The NMDC schema has has_credit_association for Study and processing_institution for PlannedProcess.

sujaypatil96 commented 3 weeks ago

From the Submission XSD:

<xs:element name="Organization" minOccurs="1" maxOccurs="unbounded" type="typeOrganization">
    <xs:annotation>
        <xs:documentation>
                    Organization(s) involved into the submission.
                    One organization is the owner of submission data which is identified by  attribute "role"
                  </xs:documentation>
    </xs:annotation>
</xs:element>
<xs:attribute name="role" use="optional">
    <xs:annotation>
        <xs:documentation>
          Role of the ogranization in submission - owner of the data or just a participant.
          It is expected that there is one owner of the submission data.
        </xs:documentation>
    </xs:annotation>
    <xs:simpleType>
        <xs:restriction base="xs:string">
            <xs:enumeration value="owner"/>
            <xs:enumeration value="participant"/>
        </xs:restriction>
    </xs:simpleType>
</xs:attribute>
<xs:complexType name="typeOrganization">
turbomam commented 2 weeks ago

@turbomam to contact John at NCBI and check assumptions about the Organization and Submitter nodes in the NCBI submission schema

ssarrafan commented 4 days ago

Appears to be active. Will move to the next sprint. @turbomam please let me know if you're not working on this issue currently.

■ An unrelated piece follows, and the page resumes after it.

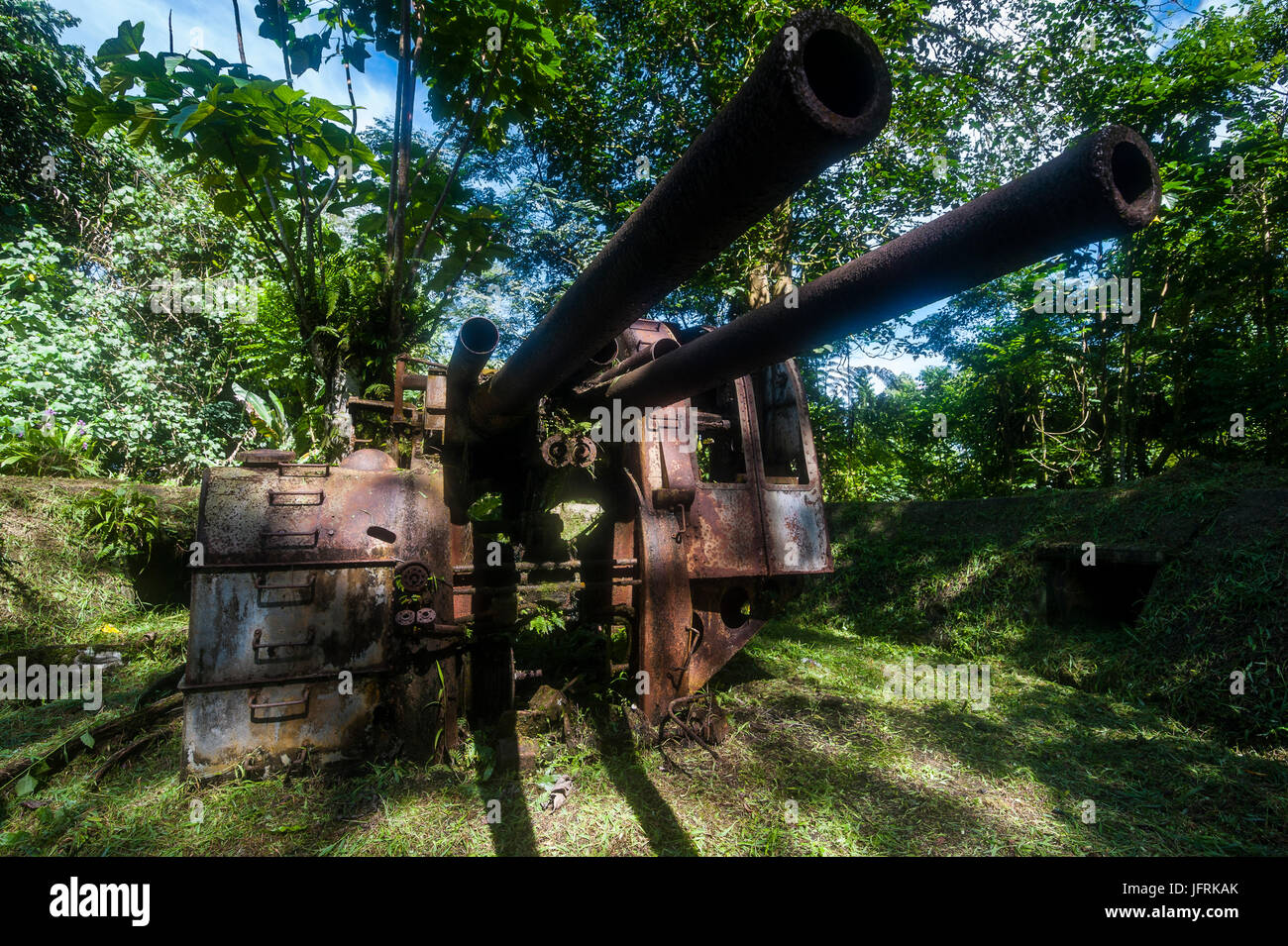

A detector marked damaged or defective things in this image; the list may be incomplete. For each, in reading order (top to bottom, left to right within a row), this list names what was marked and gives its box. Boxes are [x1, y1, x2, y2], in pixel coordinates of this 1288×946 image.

rusty cannon [178, 9, 1159, 777]
rusted metal plate [183, 561, 388, 689]
rusted metal plate [182, 680, 380, 782]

turbomam commented 1 day ago

Hi Mark, I've moved this conversation over to our standard helpdesk software so we can keep better track of it on our end. You can certainly enter multiple organization nodes in the xml package, but only the ‘owner’ is displayed on public pages currently. It may be possible to display other organization roles on the public pages in specified fields for them, but that would take some development work and our product teams would need to comment on whether and when it can be done.

The Submitter node is auto-populated by submission portal to match the submitting account when the submission is created. The submitting account can make updates to the submission in the future, as well as any users who are a member of the associated shared submission group.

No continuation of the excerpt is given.